Ce n’est pas une fable. C’est une généalogie vivante. Des quinze enfants que mon défunt papa a eus au Sénégal, je suis la seule à être allée au Mali à la découverte de mes origines, avec un bout de carte postale trouvé dans ses valises et les économies d’une tirelire. Ma famille à Bamako me lie, et je les salue. Les attaques contre les positions de l’armée malienne, le mardi 2 juillet 2025, ont tué mon frère Ibrahim Sangaré sur le champ de l’honneur, au poste de Nioro du Rip, frontière du Sénégal où il servait dignement la patrie.
Le Premier ministre Ousmane Sonko s’est rendu au Burkina Faso, le 18 mai 2025, après avoir reçu mon ouvrage le 24 mars 2025, et y avoir réagi favorablement le 10 avril 2025, en acceptant de le préfacer. Là-bas, il a été l’invité d’honneur parmi tous les dirigeants africains. Pourquoi ? Parce qu’il porte, assume et prolonge l’héritage de Thomas Sankara, dont je suis une descendante légitime, par le sang et par les idées. Je rappelle que je suis née le 15 novembre 1987 à Dakar, et que Thomas Isidore Sankara, le père de la révolution panafricaniste, a été trahit et assassiné avec douze de ses compagnons le 15 octobre 1987 au Burkina Faso, soit un mois avant ma naissance.

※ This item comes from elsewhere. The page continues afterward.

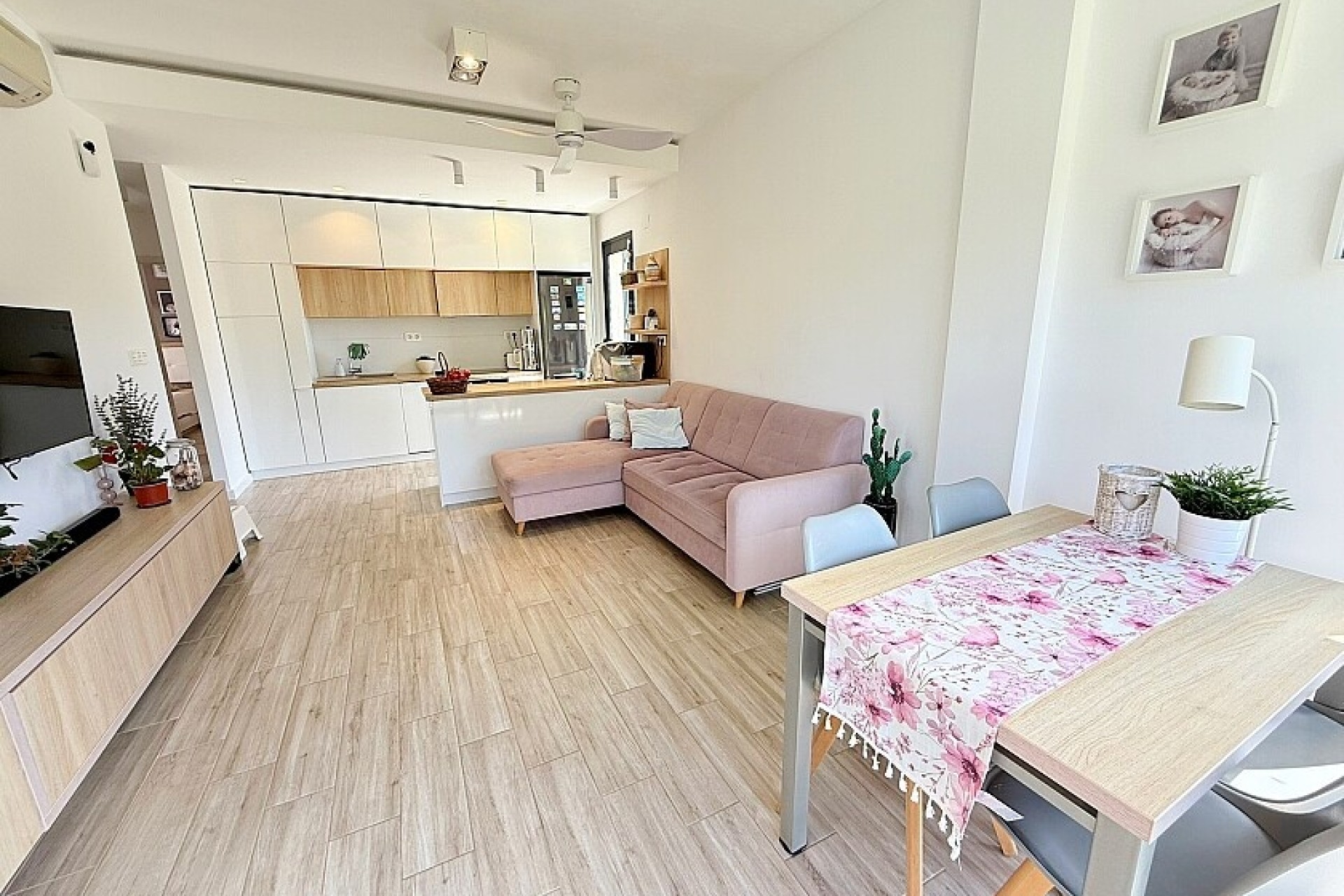 Resale - Luxury villa - Orihuela Costa - La Zenia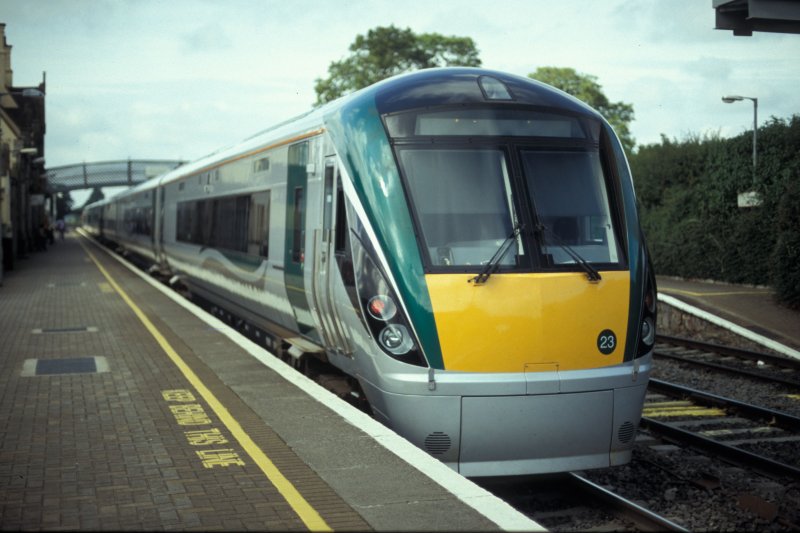 IERLAND sep 2008 Kildare TREINSTEL 23 + 12 / 3 delig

Lors de cette visite, la crédibilité panafricaniste du premier ministre Ousmane Sonko s’est vue rehaussée après plusieurs mois d’ambiguïtés critiques par les camarades de l’Afrique et les communautés afro descendantes.
Alors, où est le problème si un Premier ministre sénégalais rend à César ce qui lui appartient ? N’est-ce pas là le plus haut degré de redevabilité intellectuelle ? Toutes les légitimités de cette production intellectuelle sont épuisées ou il en reste encore ? En peulh, on dit : « Si tu sous-estimes l’épine dorsale d’un moustique, elle finira par t’abattre d’une crise chronique de palu. » À bon entendeur, salut. À la vie, à la mort : nous vaincrons. Mon nom est Sangaré, mon combat est héritage
Le Panafricanisme ne se mendie pas, Il s’écrit
Notre révolution ne s’écrira pas sans les femmes
Zaynab SANGARÈ, journaliste écrivaine dont la parution de son ouvrage sur la souveraineté africaine est en train d’être saboté au Sénégal, son pays natal!!